*** Begin section ***
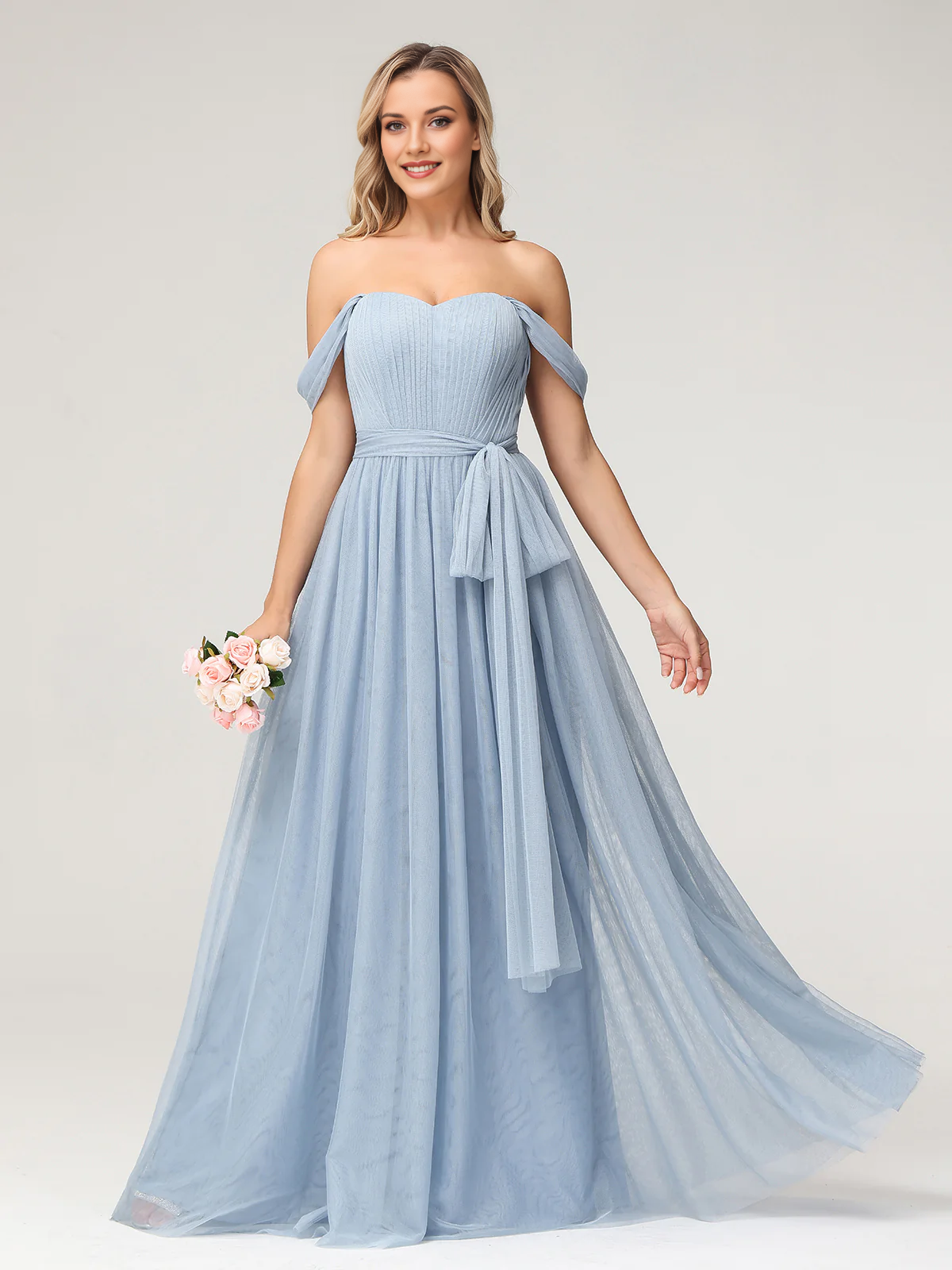 Vestido largo de dama de honor con hombros descubiertos, escote corazón, cintura plisada de tul y lazo en la espalda.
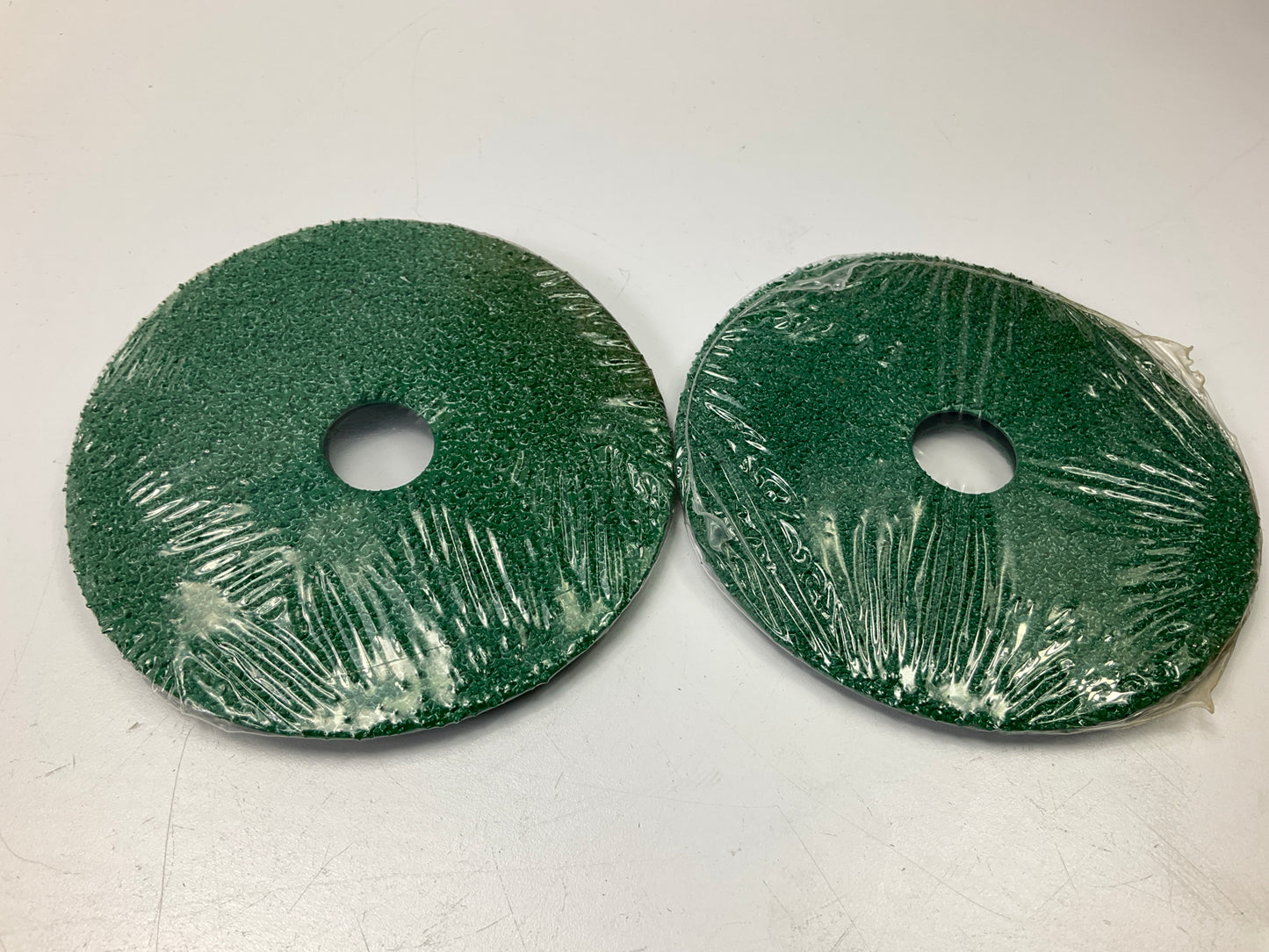 4 Discs Total - 3M 31915 Sanding Abrasive Disc 5'' 24 Grit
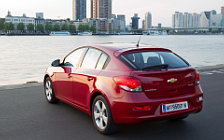 Cars wallpapers Chevrolet Cruze Hatchback - 2011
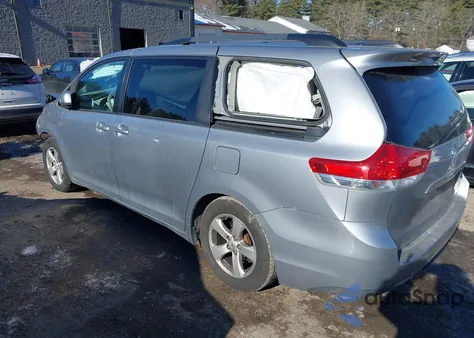 2011 Toyota Sienna Le V6 из США, поврежденный, VIN 5TDKK3DC2BS102571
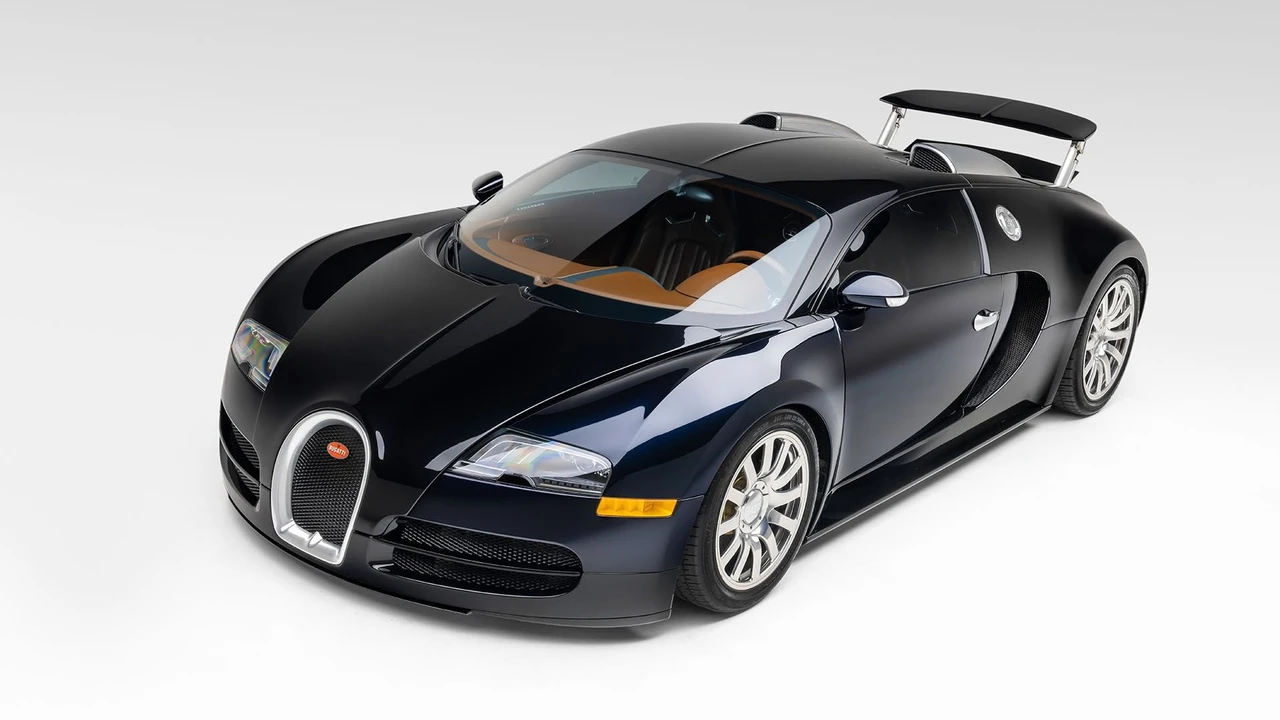 2006 Bugatti Veyron - Image 9 of 31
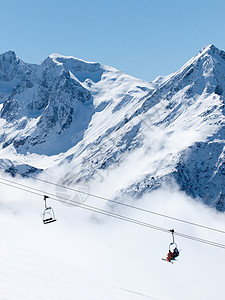 阿尔卑斯山的坐椅升起滑雪机图片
*** End section ***
» What the task requires:
Starting at the line that holds "Cars wallpapers Chevrolet", reproduce each line through the last one of the listing, and nothing more; the pictures stay out.

» Output for this exercise:
 Cars wallpapers Chevrolet Cruze Hatchback - 2011
 2011 Toyota Sienna Le V6 из США, поврежденный, VIN 5TDKK3DC2BS102571
 2006 Bugatti Veyron - Image 9 of 31
 阿尔卑斯山的坐椅升起滑雪机图片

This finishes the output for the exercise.